> TASK INPUTS

________________

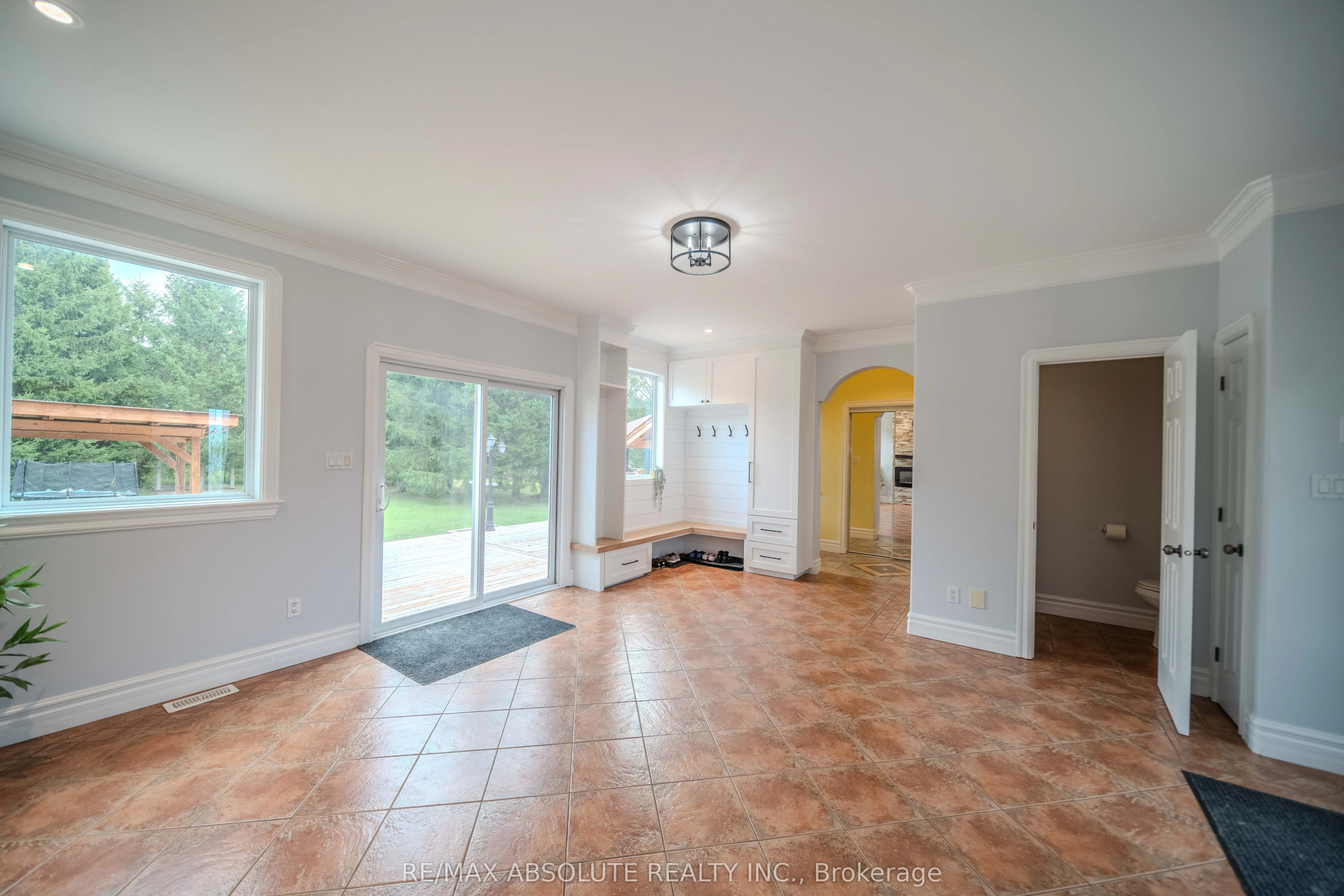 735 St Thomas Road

________________

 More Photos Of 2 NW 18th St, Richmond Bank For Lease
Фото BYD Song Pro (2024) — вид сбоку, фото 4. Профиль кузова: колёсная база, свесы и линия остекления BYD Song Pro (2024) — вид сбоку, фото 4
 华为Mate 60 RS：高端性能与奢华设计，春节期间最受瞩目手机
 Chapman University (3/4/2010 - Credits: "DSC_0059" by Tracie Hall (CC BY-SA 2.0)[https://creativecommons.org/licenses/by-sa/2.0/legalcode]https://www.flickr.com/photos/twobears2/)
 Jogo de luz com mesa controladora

________________

> REQUIRED ACTION
Among the lines above, repeat exactly those from the line with "Chapman University (3/4/2010" to the line with "Jogo de luz com mesa controladora", counting both ends.

> RESPONSE TO THE TASK
 Chapman University (3/4/2010 - Credits: "DSC_0059" by Tracie Hall (CC BY-SA 2.0)[https://creativecommons.org/licenses/by-sa/2.0/legalcode]https://www.flickr.com/photos/twobears2/)
 Jogo de luz com mesa controladora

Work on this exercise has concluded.